Synthesizing Evidence: Data-Pooling as a Tool for Treatment Selection in Online Experiments

Randomized experiments are the gold standard for causal inference but face significant challenges in business applications, including limited traffic allocation, the need for heterogeneous treatment effect estimation, and the complexity of managing overlapping experiments. These factors lead to high variability in treatment effect estimates, making data-driven policy roll out difficult. To address these issues, we introduce the data pooling treatment roll-out (DPTR) framework, which enhances policy roll-out by pooling data across experiments rather than focusing narrowly on individual ones. DPTR can effectively accommodate both overlapping and non-overlapping traffic scenarios, regardless of linear or nonlinear model specifications. We demonstrate the framework's robustness through a three-pronged validation: (a) theoretical analysis shows that DPTR surpasses the traditional difference-in-mean and ordinary least squares methods under non-overlapping experiments, particularly when the number of experiments is large; (b) synthetic simulations confirm its adaptability in complex scenarios with overlapping traffic, rich covariates and nonlinear specifications; and (c) empirical applications to two experimental datasets from real world platforms, demonstrating its effectiveness in guiding customized policy roll-outs for subgroups within a single experiment, as well as in coordinating policy deployments across multiple experiments with overlapping scenarios. By reducing estimation variability to improve decision-making effectiveness, DPTR provides a scalable, practical solution for online platforms to better leverage their experimental data in today's increasingly complex business environments.
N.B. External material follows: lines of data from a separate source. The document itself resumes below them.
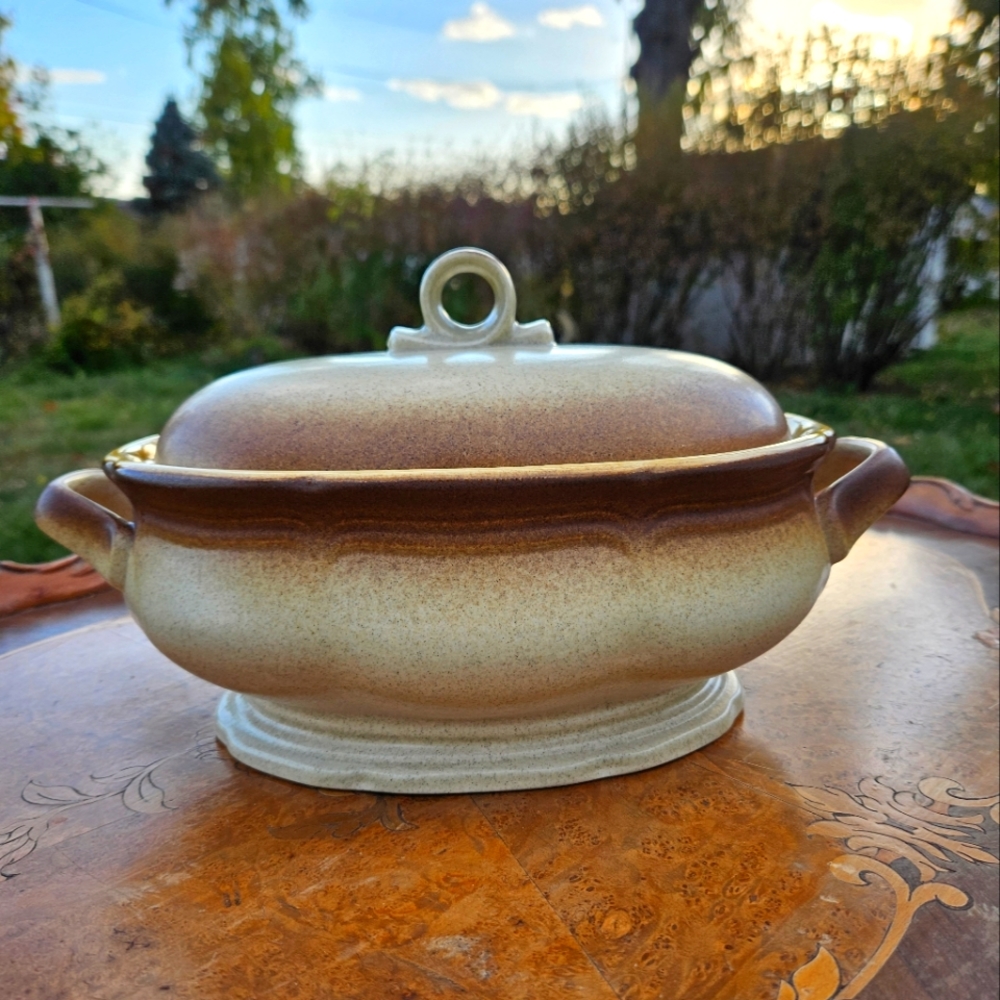 Mikasa Whole Wheat E 8000 Oven to Table to Dishwasher Stoneware Dish with Lid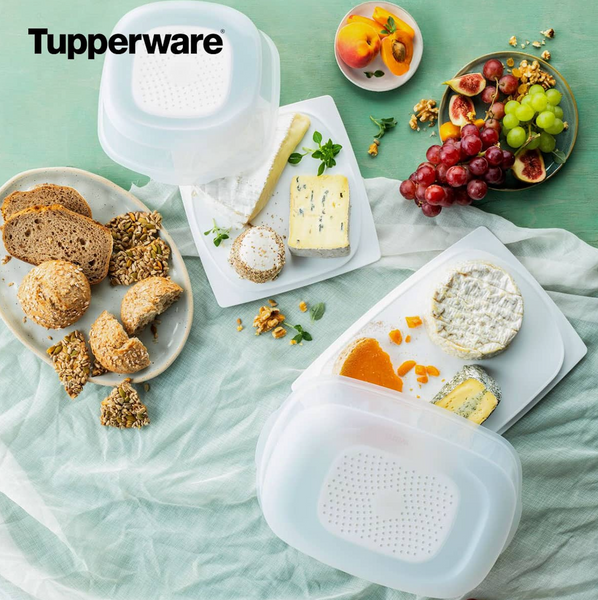 CheeSmart® Small Square – Tupperware US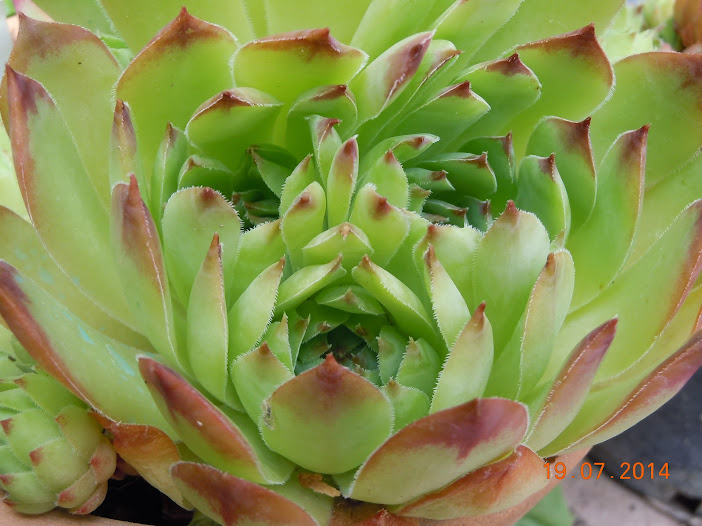 DSCN0291.JPG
翻译：随机对照实验是因果推断的金标准，但在商业应用中面临重大挑战，包括有限的流量分配、异质处理效应估计的需求以及重叠实验管理的复杂性。这些因素导致处理效应估计的高度变异性，使得基于数据的政策推广变得困难。为解决这些问题，我们提出了数据池化处理推广（DPTR）框架，该框架通过跨实验而非单一实验汇聚数据来增强政策推广效果。DPTR能有效适应重叠与非重叠流量场景，无论模型规范是线性还是非线性。我们通过三重验证证明该框架的稳健性：（a）理论分析表明，在非重叠实验下，尤其是当实验数量较大时，DPTR超越了传统的均值差法和普通最小二乘法；（b）合成模拟证实了其在具有重叠流量、丰富协变量和非线性规范等复杂场景中的适应性；（c）对来自真实世界平台的两个实验数据集的实证应用证明，该框架在指导单一实验中子组的定制化政策推广以及在重叠场景下协调跨多个实验的政策部署方面均具有有效性。通过减少估计变异性以提高决策有效性，DPTR为在线平台提供了可扩展、实用的解决方案，助力其在当今日益复杂的商业环境中更好地利用实验数据。